* [TASK TO COMPLETE] Lines from the one containing "Pririt Batis_South Africa-1" through the final line of the records below are needed, copied exactly, with no pictures.

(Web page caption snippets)

- - - - - - -

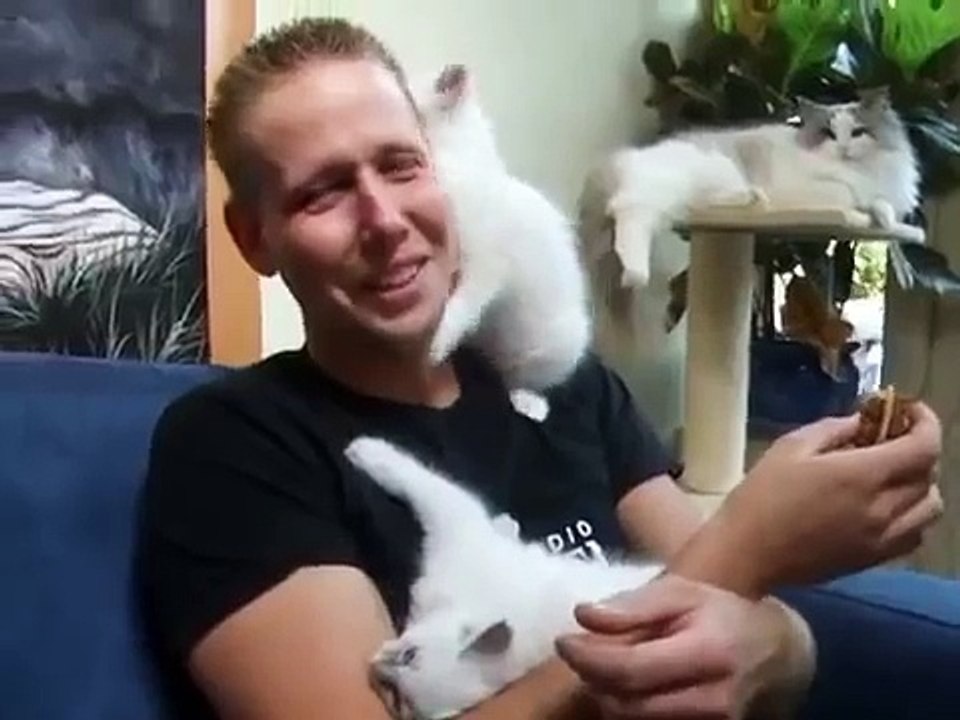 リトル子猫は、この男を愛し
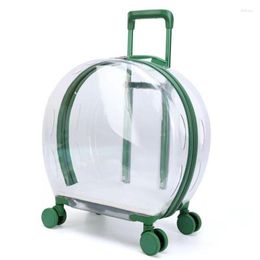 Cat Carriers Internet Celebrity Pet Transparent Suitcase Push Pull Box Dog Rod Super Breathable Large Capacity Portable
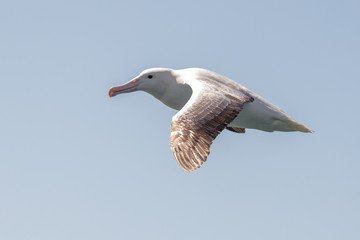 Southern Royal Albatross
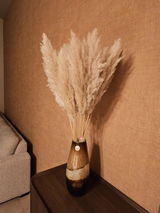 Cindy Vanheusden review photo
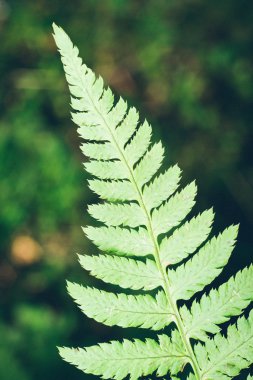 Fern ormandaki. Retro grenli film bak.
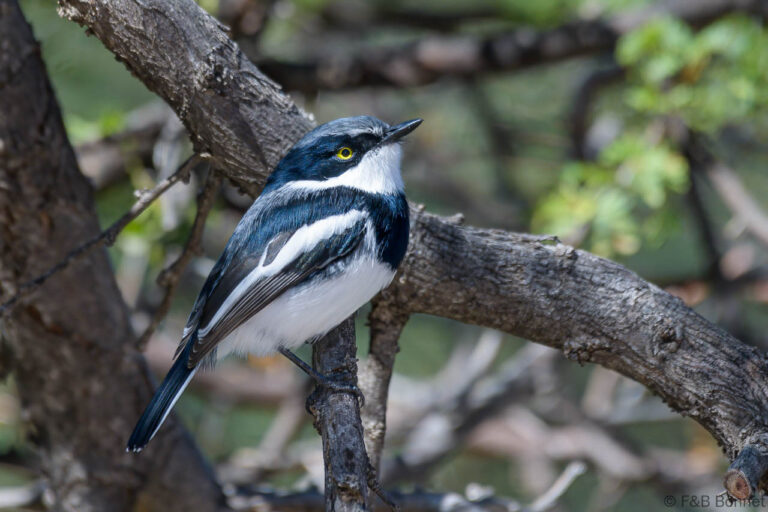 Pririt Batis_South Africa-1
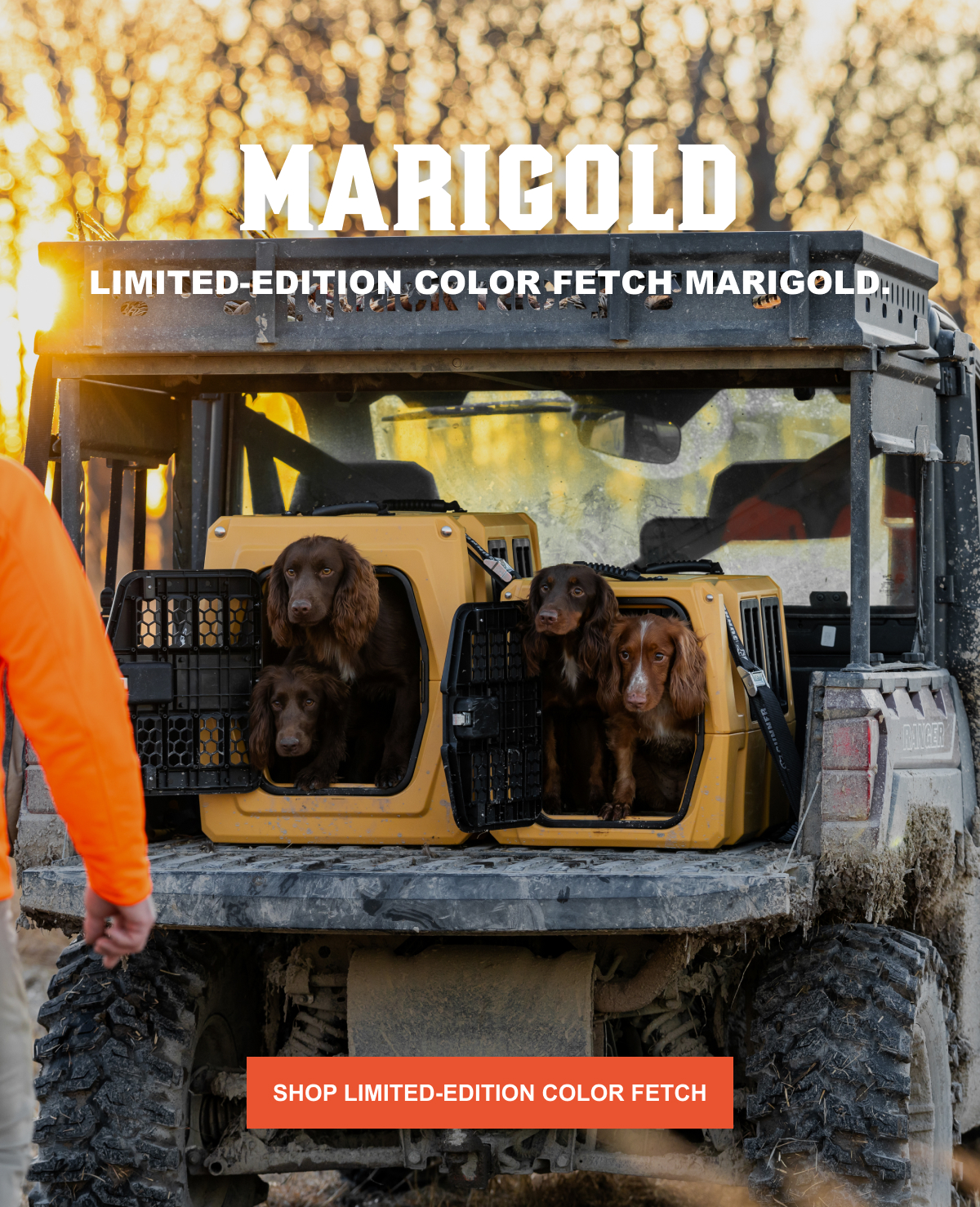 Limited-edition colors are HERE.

- - - - - - -

* [WRITTEN RESPONSE]
 Pririt Batis_South Africa-1
 Limited-edition colors are HERE.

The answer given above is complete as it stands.